Brands are Promises
A brand is more than a mark: A logo, icon, or company name in a fancy font. As pretty as that mark may look, it isn’t the “brand” in the true sense—and it certainly isn’t what makes the brand valuable.
Rather, a company’s brand is a promise. And successful brands deliver on their promises. It’s by delivering on their brand promises that companies create brand value.
What’s a Brand Promise?
A brand promise is, yes, what the company promises to the people who interact with it.
But it isn’t a description of what a company does in a literal sense. It’s a description of the company’s character. To some extent, it’s how the company does what it does. Also, it’s the feeling the company conveys to its stakeholders. One restaurant and another may have substantially similar menus, but they provide different atmospheres, different associations, and different customer experiences based on their brand promises.
Examples may be the easiest illustrations. Let’s look at a few brand promises:
- The NFL: “To be the premier sports and entertainment brand that brings people together, connecting them socially and emotionally like no other.”
- Coca-Cola: “To inspire moments of optimism and uplift.”
- Virgin: “To be genuine, fun, contemporary, and different in everything we do at a reasonable price.”

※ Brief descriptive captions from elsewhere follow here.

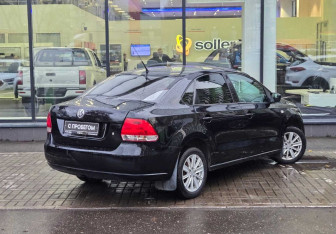 Подержанный автомобиль Volkswagen Polo Sedan 2012 года (8 фото)
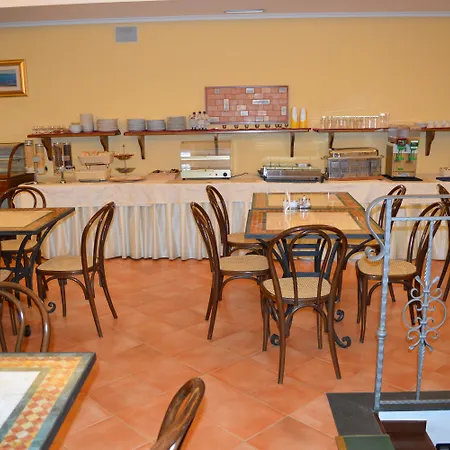 Neapolis מלון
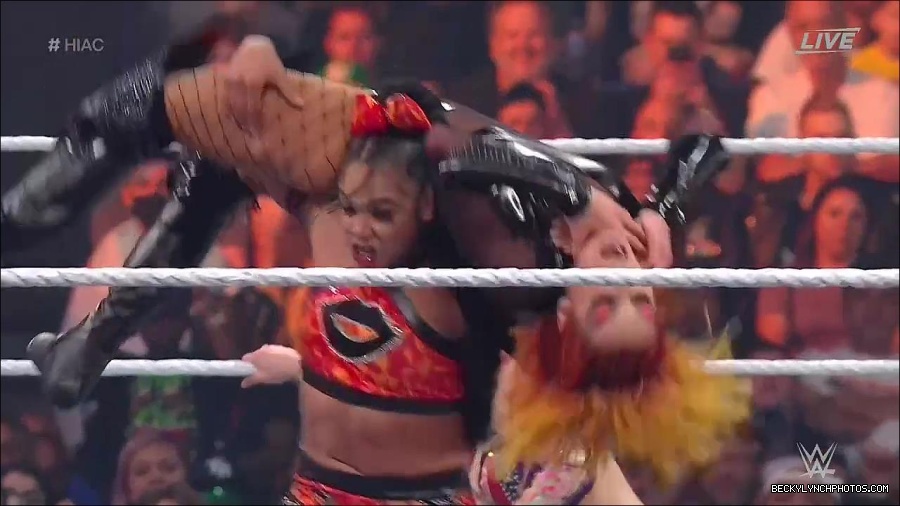 WWE_Hell_In_A_Cell_2022_720p_WEB_h264-HEEL_mp4_001379987.jpg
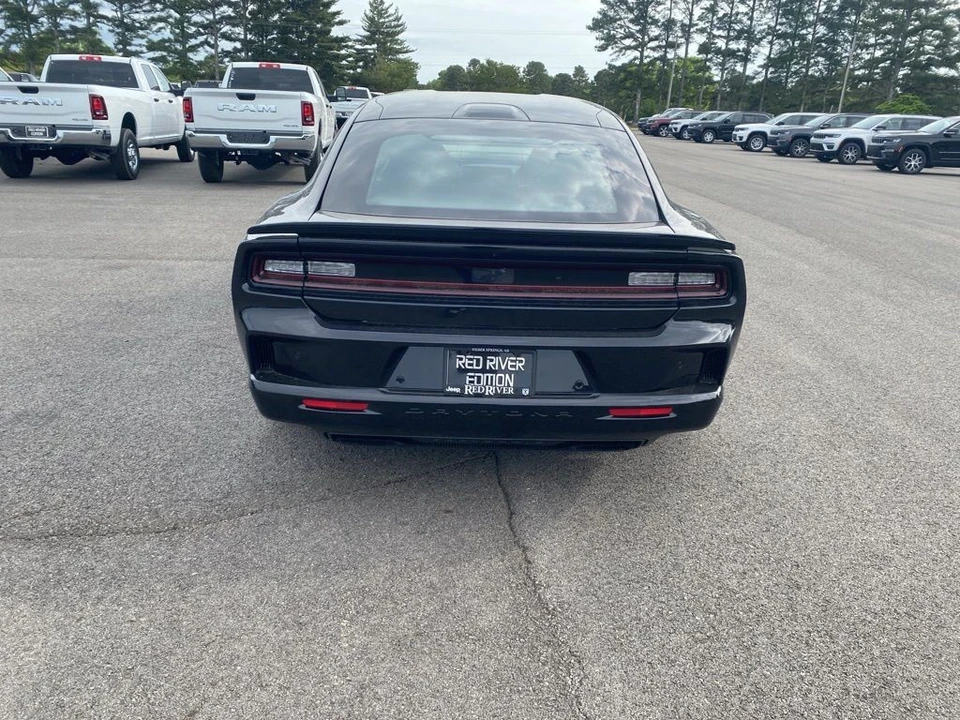 2025 Dodge Charger 8th Gen - Image 6 of 12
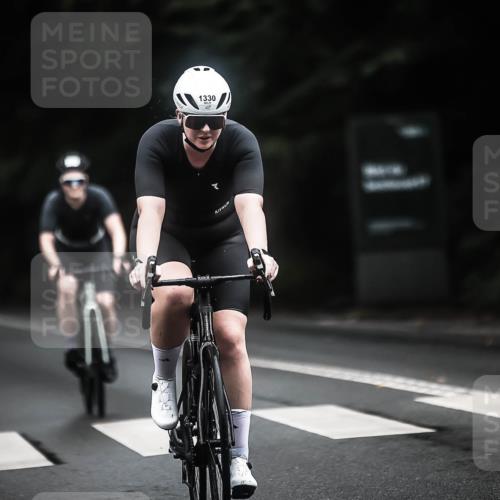 13.09.2026 - Stadtparktriathlon H.Heesch http://msf.ph/oto/10322445 13.09.2026 13:08:21 Radfahren 1228, 1285, 1330, 1412 meine-sportfotos.de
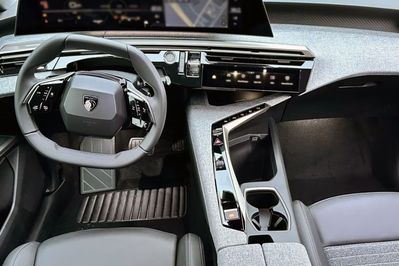 Peugeot 5008 Business 1.2 PureTech  e-DCS6  mHEV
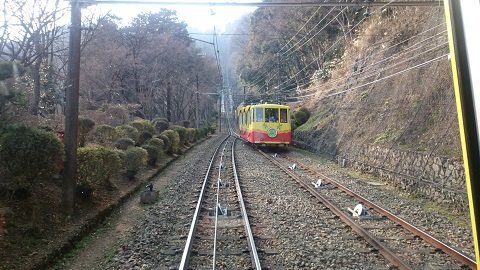 高尾山・ケーブルカー③.JPG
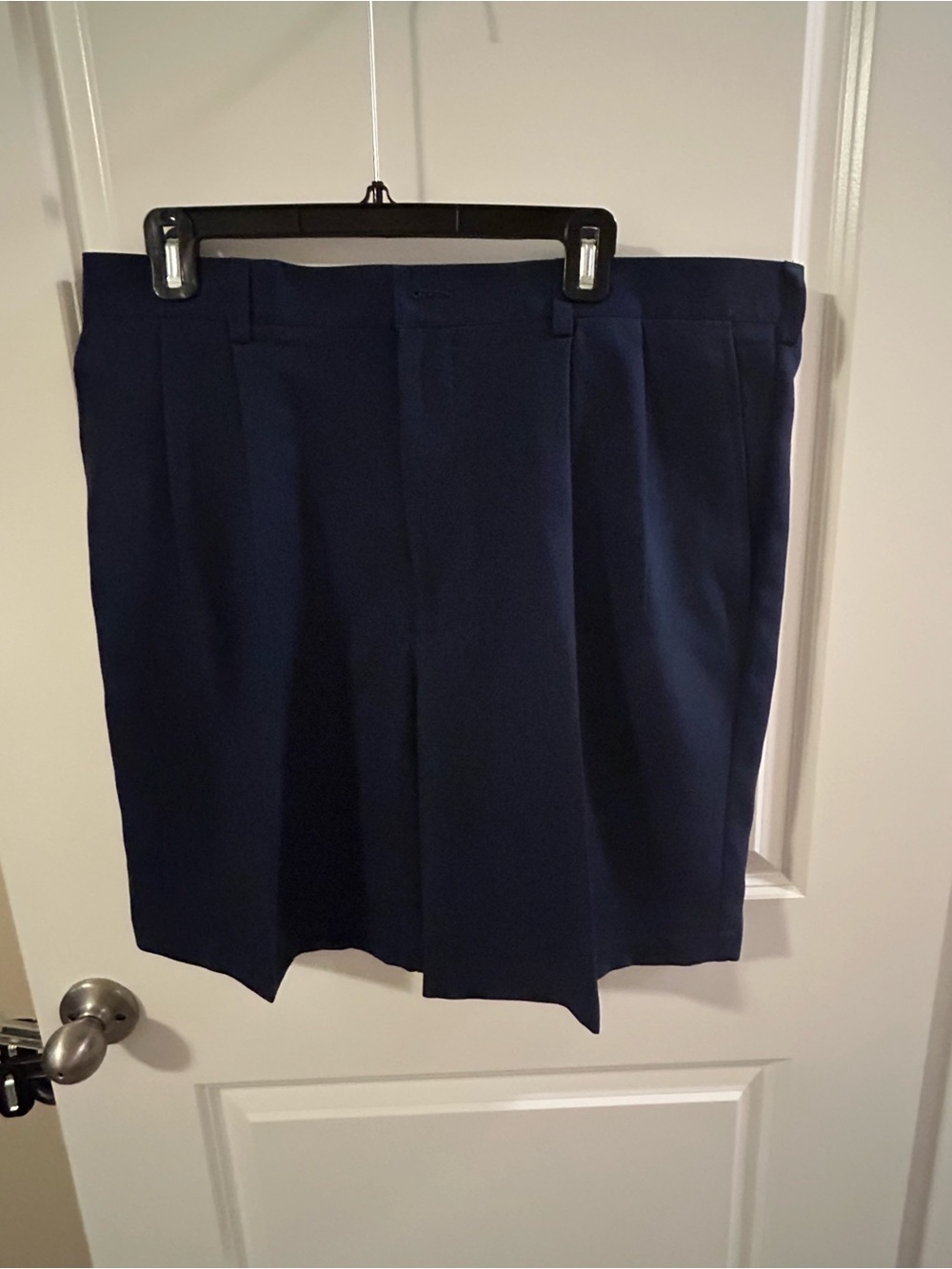 Perry Ellis Navy Pleated Men’s Shorts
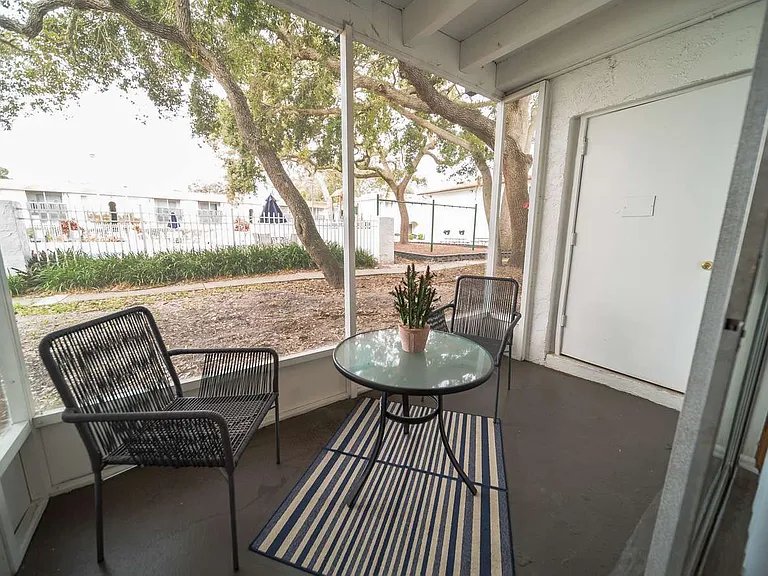 Bluestone on the Bay — Photo 7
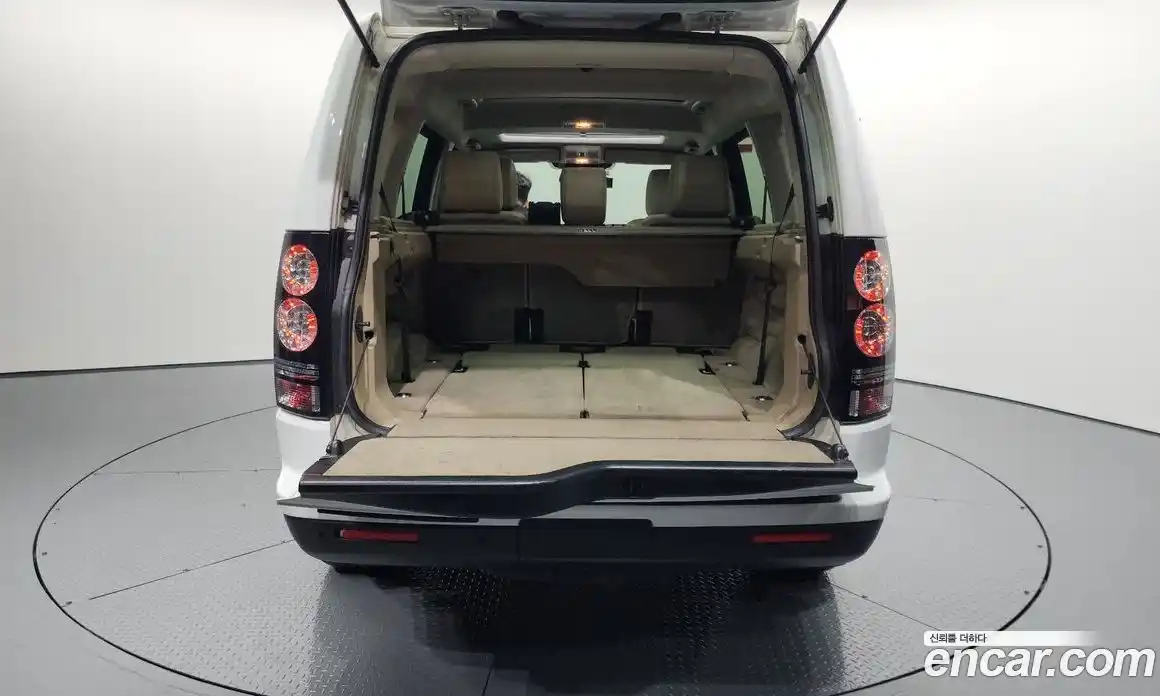 Land Rover Discovery 2015 3.0 Автомат в Москве № 211107, фото 11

In none of the above cases is the brand promise what the companies do or provide. The NFL’s brand promise says nothing about football. Coca-Cola doesn’t talk about providing the best soft drinks in the world. Good brand promises, like these, talk about what these companies promise to be for you, the consumer.
Strongly branded companies take their brand promises and drill down further into what are called brand attributes: The values and beliefs inherent in the brand promise. What are the values or beliefs involved in/required by making the brand promise?
Again, examples make this easier to illustrate, and we’ll use the same companies as before because we’ve already covered their brand promises. Now let’s look at their brand attributes (values and beliefs):
- The NFL: Integrity, excellence, community, teamwork, innovation, tradition
- Coca-Cola: Simple pleasures, optimism, happiness, human connections/bringing people together
- Virgin: Fun, rebellion, self-expression, rock-star-lifestyle quality (at accessible cost)
Brand Promises as Business Decision Makers
Companies with strong brands take their brand promises seriously. They use these promises as frameworks for decision making on a grand scale. In fact, using brand promises to make serious business decisions is how smart companies build strong brands and strong brand value.
Looking again at our example companies:
- The NFL uses its brand promise (including its values and attributes) to choose subjects for commercials, determine what to approve as official/licensed apparel and what to offer as sanctioned souvenirs, and who to invite as halftime entertainment. (Hence its horror at a halftime snafu a few years ago, for which it apologized profusely.)
- Coca-Cola has become one of the strongest brands in the world through making strategic business decisions based on its brand promise, from what products it offers to how it offers them. For most of us, it’s easiest to see Coca-Cola living its promise through the commercials it chooses to air: Commercials like the ones showing “scary” football star Mean Joe Green turning friendly after a young boy gives him his drink (view the classic ad here) and people from disparate countries coming together to “teach the world to sing” (viewable here).
- Virgin uses its brand promise across all its separate divisions—divisions as disparate as Virgin Balloon Flights, health clubs (Virgin Active), and financial services (Virgin Money). Its gyms have tons of extras and fun amenities, its financial services business focuses on taking complex products and making them easy to understand and accessibly priced, and its balloon flights—well, they’re balloon flights. Need we say more?
Sometimes, delivering on brand promises means that companies have to make challenging decisions. In Virgin’s case, it’s about how to take a business division and make it “Virgin:” Apply the fun, the rebellion, the rock-star aspect at an affordable cost.
And yes, in some cases, something might look great from a number of angles—but not fit within the company’s brand promise. Does the company go ahead and move forward or even—a truly bad proposition—try to change the brand promise to make the idea fit? Or does the company kill an idea that looks good in every other way?
Companies with faith in their brand promises will kill the idea, as painful as it may be in the short term. Yet in the long term, the increased strength and value of the company’s brand will more than make up for the loss.